Dear Raspberry Pi development team, please do not delay official support for OpenGLES. As of December 2019, there are still no officially supported OpenGLES implementations for Raspberry Pi 4. Part of the reason for this breakage was because of a new chip: VideoCore 6 which is different from VideoCore 4 from Raspberry Pi 3. VC6 was closer to VC5 than VC4 is to VC6. As a result most OpenGLES demo examples packaged with the Pi under /opt/vc simply do not work.
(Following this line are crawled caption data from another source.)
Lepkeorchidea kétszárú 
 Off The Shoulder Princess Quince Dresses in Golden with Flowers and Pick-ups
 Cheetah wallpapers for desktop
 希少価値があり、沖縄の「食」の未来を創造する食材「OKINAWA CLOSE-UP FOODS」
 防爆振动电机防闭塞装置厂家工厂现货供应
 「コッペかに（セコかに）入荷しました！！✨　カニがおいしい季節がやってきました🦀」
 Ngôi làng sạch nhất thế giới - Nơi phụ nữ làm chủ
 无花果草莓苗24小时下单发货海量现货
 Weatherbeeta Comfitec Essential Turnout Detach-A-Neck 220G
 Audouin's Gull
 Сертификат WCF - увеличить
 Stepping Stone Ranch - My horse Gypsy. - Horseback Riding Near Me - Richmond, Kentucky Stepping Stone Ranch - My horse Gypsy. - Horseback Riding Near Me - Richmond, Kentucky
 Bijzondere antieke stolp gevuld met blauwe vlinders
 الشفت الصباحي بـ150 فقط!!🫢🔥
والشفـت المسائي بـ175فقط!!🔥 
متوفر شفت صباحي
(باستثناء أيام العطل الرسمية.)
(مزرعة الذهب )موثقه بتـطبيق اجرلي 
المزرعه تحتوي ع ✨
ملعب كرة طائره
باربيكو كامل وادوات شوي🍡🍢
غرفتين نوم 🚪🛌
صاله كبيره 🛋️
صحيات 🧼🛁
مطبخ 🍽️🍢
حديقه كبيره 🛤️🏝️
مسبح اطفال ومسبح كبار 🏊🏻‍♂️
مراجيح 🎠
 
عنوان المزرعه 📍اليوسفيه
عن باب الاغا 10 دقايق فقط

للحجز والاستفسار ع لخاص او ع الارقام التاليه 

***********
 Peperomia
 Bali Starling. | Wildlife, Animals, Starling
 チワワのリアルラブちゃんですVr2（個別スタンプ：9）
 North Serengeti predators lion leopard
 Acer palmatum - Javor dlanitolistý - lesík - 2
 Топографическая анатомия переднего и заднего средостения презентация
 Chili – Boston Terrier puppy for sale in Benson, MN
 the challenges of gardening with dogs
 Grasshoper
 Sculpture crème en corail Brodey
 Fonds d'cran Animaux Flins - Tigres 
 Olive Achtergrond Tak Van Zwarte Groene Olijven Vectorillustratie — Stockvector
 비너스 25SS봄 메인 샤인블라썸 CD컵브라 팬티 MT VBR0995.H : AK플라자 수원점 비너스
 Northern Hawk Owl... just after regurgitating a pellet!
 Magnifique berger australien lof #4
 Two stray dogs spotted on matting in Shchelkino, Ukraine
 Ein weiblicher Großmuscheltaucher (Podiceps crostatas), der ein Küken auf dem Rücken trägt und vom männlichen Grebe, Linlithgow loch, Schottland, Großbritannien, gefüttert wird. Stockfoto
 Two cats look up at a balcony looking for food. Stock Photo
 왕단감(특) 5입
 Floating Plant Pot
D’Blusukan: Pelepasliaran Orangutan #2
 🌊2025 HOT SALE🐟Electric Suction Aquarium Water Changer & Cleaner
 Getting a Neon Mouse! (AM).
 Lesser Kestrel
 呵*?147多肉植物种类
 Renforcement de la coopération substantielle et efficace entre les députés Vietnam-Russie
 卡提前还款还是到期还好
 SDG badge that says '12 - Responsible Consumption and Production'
Last I looked into this, however, there are ongoing talks to get rid of the old way of binding devices for the GPU and instead focus on DRM and OpenGLES API based approach which is more common for Linux desktops today. I attempted to pull and work with the active upstream Mesa repository which housed the upto date Raspberry Pi 4 graphics demo but did not have time to complete it without spending hours of reading and building expertise on the graphics pipeline. At this point, I'll wait until the Raspberry Pi team solidifies the API. Until then, the project code has experimental build flags to use opengl header files but do not compile successfully.
Overall this project has been an amazing experience. Being able to write for an embedded system with a small memory has been a great way for me to push myself to optimize where it matters. There is still much to discuss in the real of Conway's Game of Life itself. Specific algorithms and all. I look forward to be able to share that knowledge another time.